С появлением в Константинополе английского посла тон переговоров с турками резко изменился.
Влияние лорда Рэдклифа на ход переговоров Меншиков почувствовал сразу. К немалому удивлению русской делегации, турецкие чиновники стали вдруг опаздывать к назначенному ранее часу заседаний, чего до прибытия англичанина никогда не было. Прекратились приглашения на совместные обеды и прогулки… Князь сердился, угрожал Решид-паше покинуть переговоры, однако турецкий министр только виновато разводил руками, льстиво извинялся, улыбался, но твёрдо стоял на своём.
Переговоры неизбежно двигались в тупик. И тут Меншиков узнал, что турки часто встречаются с английским послом. Тогда, видя бесплодность своих споров, Меншиков стал советоваться с послом Рэдклифом.

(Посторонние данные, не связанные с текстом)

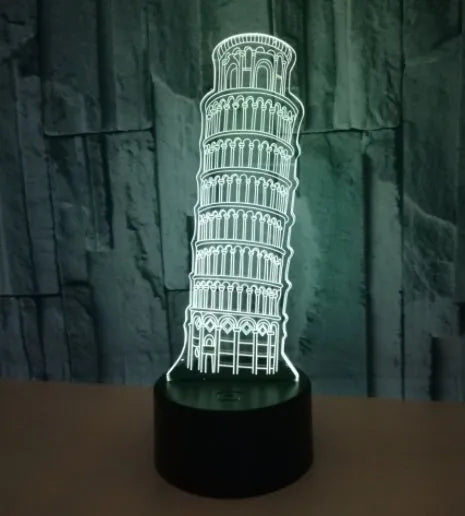 3D laser-cut Leaning Tower of Pisa acrylic night light glowing in blue on a black base.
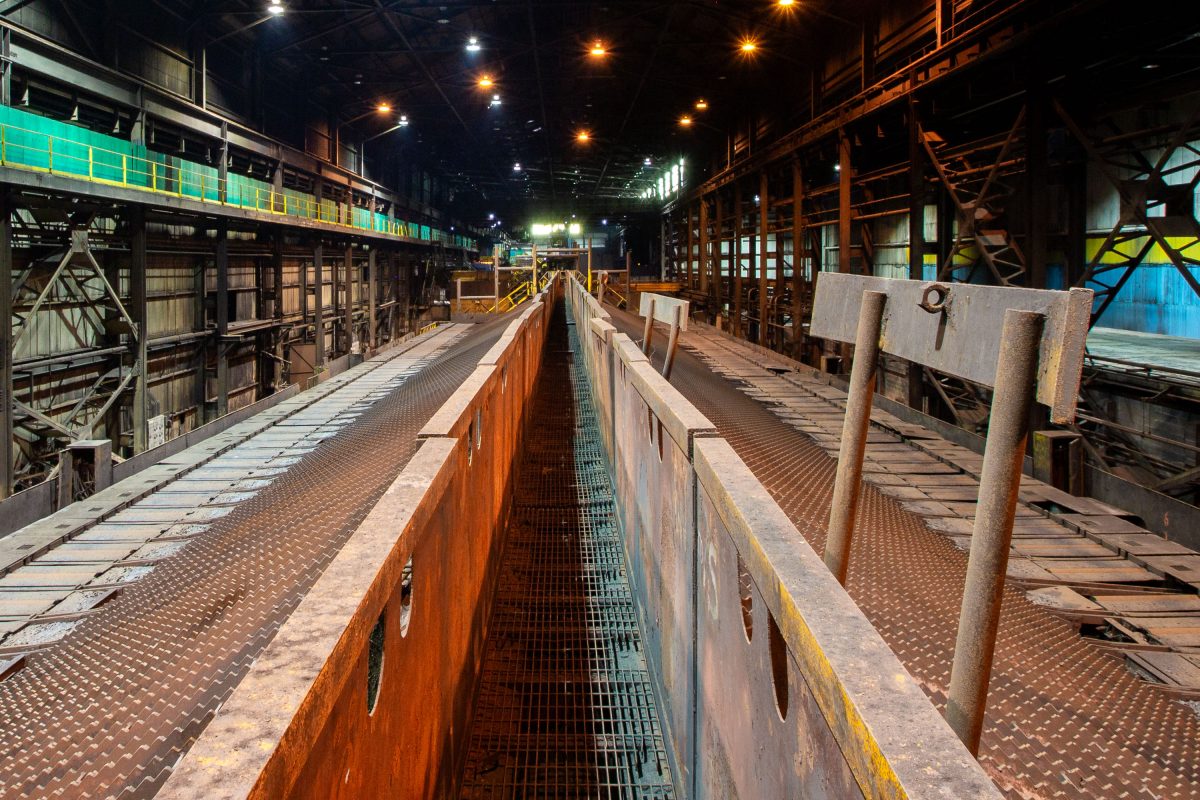Nighttime view of an industrial steel mill facility with an orange operator's walkway, metal railings, and overhead industrial infrastructure.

И, о чудо!.. Дело сразу сдвинулось с мёртвой точки. Три посла – русский, французский и турецкий – встретились и, к немалому своему удивлению, а также к удивлению всех прочих, довольно быстро достигли соглашения по многим вопросам, связанным со святыми местами. И вскоре, что совсем удивительно для медлительных турок, султаном был подписан фирман, гарантирующий права православных в Османской империи. И уже совсем неожиданно турки издают конвенцию, согласно которой, в Иерусалиме выделяется место для строительства русской православной церкви и приюта для паломников. Россия вернула себе привилегии на Святой земле.
Однако вопрос о русском протекторате в отношении православных христиан на территории Турции, как того требовал Кючук-Кайнарджийский трактат, решён так и не был. И Меншиков решил посетить английского посла. Встреча произошла в доме англичанина.
Посланник императора выразил Рэдклифу благодарность за посредничество в переговорах с турками, заверил лорда в неизменной дружбе императора Николая с королевой Викторией, а также убедил, что две великие страны должны жить в мире и согласии.
Выслушивая дежурные слова благодарности русского посла, без присущей европейскому дипломатическому этикету изящности, лорд Рэдклиф в душе ликовал.
Английский посол прекрасно понимал, для каких целей пришёл к нему этот длинный, как жердь, сухопарый, с неприятным голосом старик, доверенное лицо самого императора Николая.
При упоминании Меншиковым имени своего императора английский посол, как того требует этикет, почтительно встал с кресла и даже вытащил изо рта свою неизменную сигару. Несколько смутившись, вслед за хозяином с кресла поднялся и Меншиков.